IF in doubt, blame the beautiful game. First, it was Tony Mowbray, who indicated after his last, disastrous match in charge of Celtic that his philosophy might not be suited to the Scottish Premier League. Now it is John Hughes, wondering if his Hibernian players are good enough to perform with the kind of adventure he encourages.
He has to try something. Anything. If the alarm bells weren’t loud enough before Saturday’s humiliation at Hamilton, they are deafening now. Two wins in 13 matches. Eight points behind third-placed Dundee United with a game more played. Just six ahead of Hearts. Anyway you look at it, the mystery is how this struggling team could have been entrusted, earlier in the season, with splitting the Old Firm. Save for a short spell before half-time, when Colin Nish gave them a deserved equaliser, this was another of these head-scratching days on which Hibs are all too easily swept aside.
As well as conceding two penalties, they missed one of their own, and granted substitute Joel Thomas the freedom of New Douglas Park in the closing stages, when the French substitute rounded off quite a thrashing.
Hughes, renowned for his faith in the game’s finer points, admitted afterwards that he might have to think again. “You can’t defend the way we are defending and expect to win football matches, but as a coach or manager, I’m sitting looking at it – I’ve been looking at it for a while now – [thinking] maybe we are not as good as we think we are. Maybe I have to go in there and help them and set it up to be hard to beat. Maybe we are too expansive.”
It is a depressing theory. If one of the SPL’s stronger squads, and one of its most principled managers, cannot secure results without shutting up shop, something somewhere has gone awry. It wasn’t beyond Ross County, who beat Hibs at their own game in the Scottish Cup quarter-final, so it shouldn’t be beyond Messrs Riordan, Stokes and Miller.

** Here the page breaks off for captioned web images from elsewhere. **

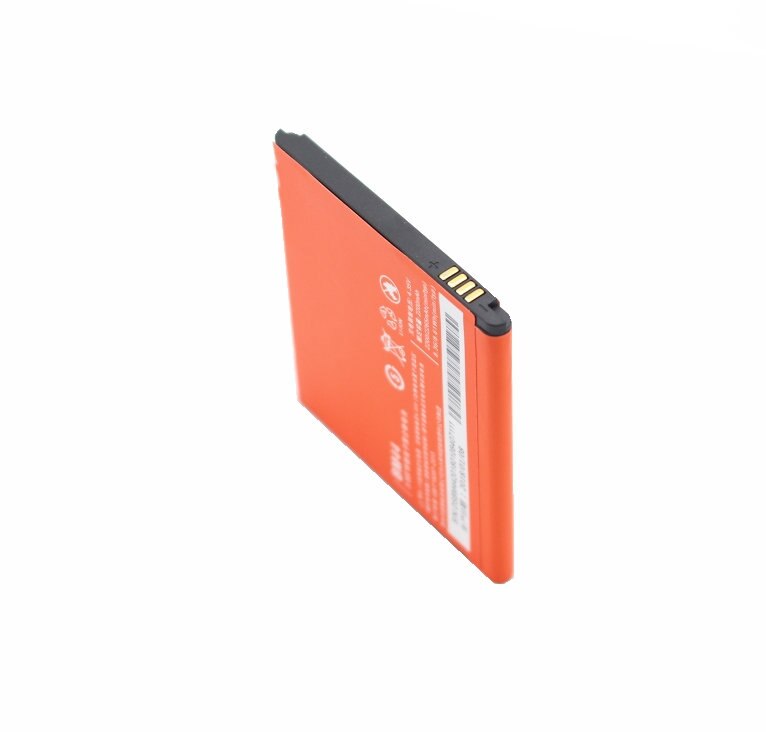 Ciszean 1x 3.8V 2200Mah BM44 Bm 44 Telefoon Vervanging Li-Polymeer Batterij Voor Xiaomi Redmi 2 Redmi 2 een Batterijen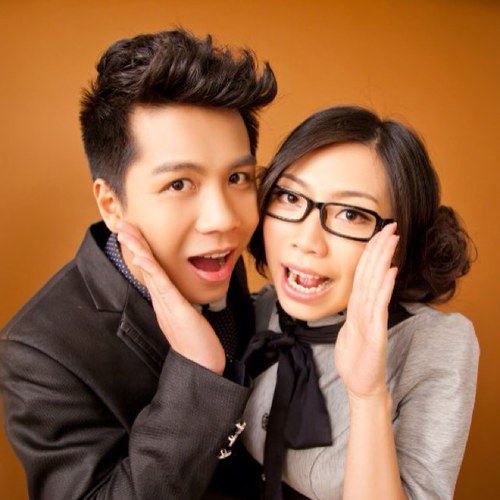 cean_chen's profile picture. 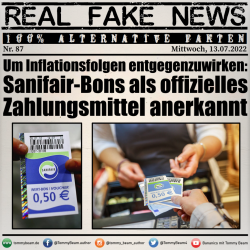rfn087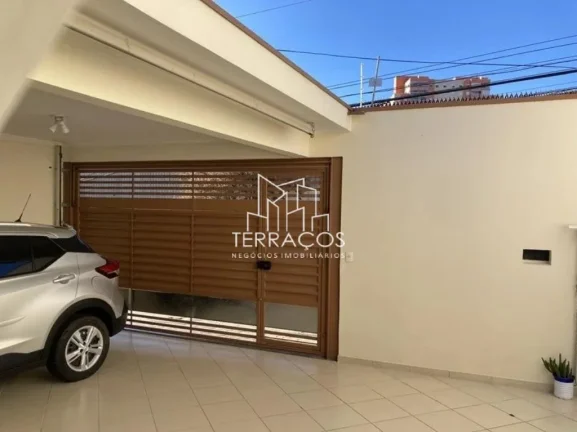 Imagem CASA TÉRREA À VENDA, BAIRRO JARDIM DA FONTE, JUNDIAÍ SP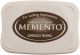 Memento Dye Ink Pad Espresso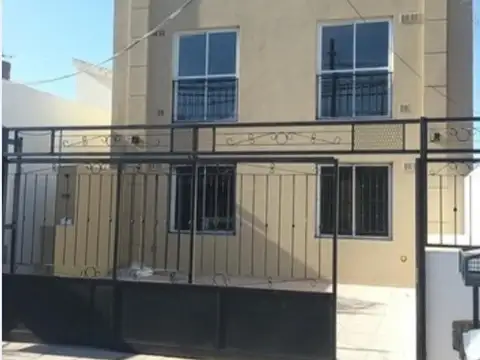 Cochera en Venta en Villa Sarmiento, Partido de Morón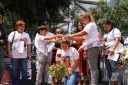 EUM20260804SOC10.JPG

After all, they seemed to manage it well enough earlier in the season.
Or did they? More than a few were unconvinced by Hibs’ rise to third place, which often relied on the individualism of Riordan and Stokes. Take them out of the equation, as many opponents have lately, and there’s not much left. Their only wins in what has been a wretched sequence have been against Kilmarnock and Falkirk. From their last 11 league matches, they have gleaned just eight points. Were they to show that form over the course of a season, they wouldn’t even come close to avoiding relegation.
Like any side in the midst of so dismal a run, they are short of confidence. Ever since Hughes told them to target third place, they have shied away from it at every opportunity. “We are going to have to play a lot better if we want to win matches in the top six and try to get that European spot,” said Hughes. “Maybe it’s frightened them a wee bit, me talking about the European spot. Maybe one or two of them haven’t got that mind-set. I’ve been there myself as a player, when things are not going for you and you’re losing that half a yard, that wee bit of confidence."
Hamilton took an early lead courtesy of Simon Mensing’s retaken penalty, before Nish’s header restored parity. When Ian Murray brought down Dougie Imrie early in the second half, referee Steve Conroy again pointed to the spot. Quite a stramash broke out among the Hamilton players, with Thomas, who had been on the field only a couple of minutes, demanding to take it. Mensing, who has never missed a penalty in his senior career, told him where to go and dispatched it high and wide of the goalkeeper, just as he had done – twice - in the first half. “Simon is an expert at penalty kicks,” said his manager, Billy Reid. “When I saw big Joel getting the ball I just had a chuckle.”
Thomas, though, had the last laugh. The Frenchman on loan from Colchester United, still seeking his first goal in two spells with Accies, rectified that anomaly in spectacular fashion as the roof caved in on Hibs. His thumping shot from outside the box put his team 3-1 up before a late fourth completed his double. The substitute was allowed time and space to control a dropping ball on the edge of his opponents’ penalty area before rounding the goalkeeper and sliding it over the line.
Tomas Cerny saved a late penalty by Abdessalam Benjelloun, but it was the frequency with which Hibs are conceding them that exercised Hughes afterwards. “I think that’s seven in the last 12 games,” he said. “You need to put your finger on it. There has to be a reason for that.” It is not the only mystery that needs solving at Easter Road.